On the front-end I might still experiment, but I think I'll settle for at
least a decent chunk of time on this:

1\. React + Styled Components (so html/css/js is finally no longer decoupled
in a way that just makes no sense) 2\. Page.js or something similar for
routing, because I've been bitten too often by react-router and like, and the
idea that routing is it's own thing makes sense to me. 3\. Baobab.js or
something similar for state management: basically, A. a single state object
with B. a kind of cemtralized action-flow to change this state, and C.
listeners of sorts within various components that trigger a re-render (cursors
in the case of Baobab). I could go full-on redux, but it doesn't seem,
necessary and I kind of relish running into the situation where, as my apps
grow, it turns out to be immediately obvious why Redux does what it does.

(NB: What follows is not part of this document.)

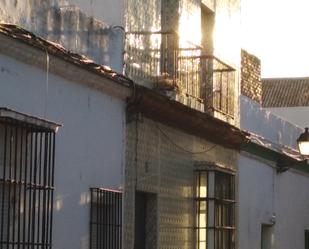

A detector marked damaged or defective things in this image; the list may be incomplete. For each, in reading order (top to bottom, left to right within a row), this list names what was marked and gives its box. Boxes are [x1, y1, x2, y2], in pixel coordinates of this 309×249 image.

rusty metal roof [0, 22, 131, 88]
rusty metal roof [262, 76, 309, 106] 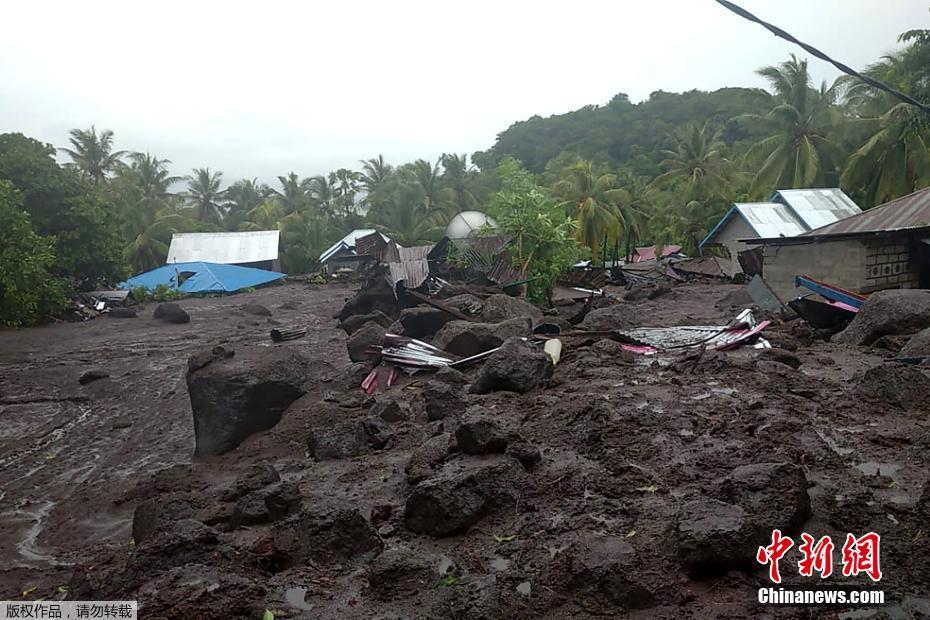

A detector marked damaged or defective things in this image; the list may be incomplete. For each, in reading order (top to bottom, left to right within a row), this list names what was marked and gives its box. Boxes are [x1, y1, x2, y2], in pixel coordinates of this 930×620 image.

I'd be very curious to get some feedback on my choices, and/or alternative
suggestions. In particular regarding 3.

EDIT: to be clear, this is for full-on SPA's with no kind of crawling/SEO
needs.

------
jimmy1
Go and, honestly, sqlite with backups written to S3. It's the absolute
cheapest. I can run multiple apps on a t2.nano (t2.micro if I am feeling
fancy). My apps cost something like $1.50 to run a month, and they can easily
handle medium-sized traffic, plus Go is just so dead simple to deploy. scp a
build binary, and boom I am done. Once the app grows and more
collaboration/developers/requirements call for it, I will add more
infrastructure.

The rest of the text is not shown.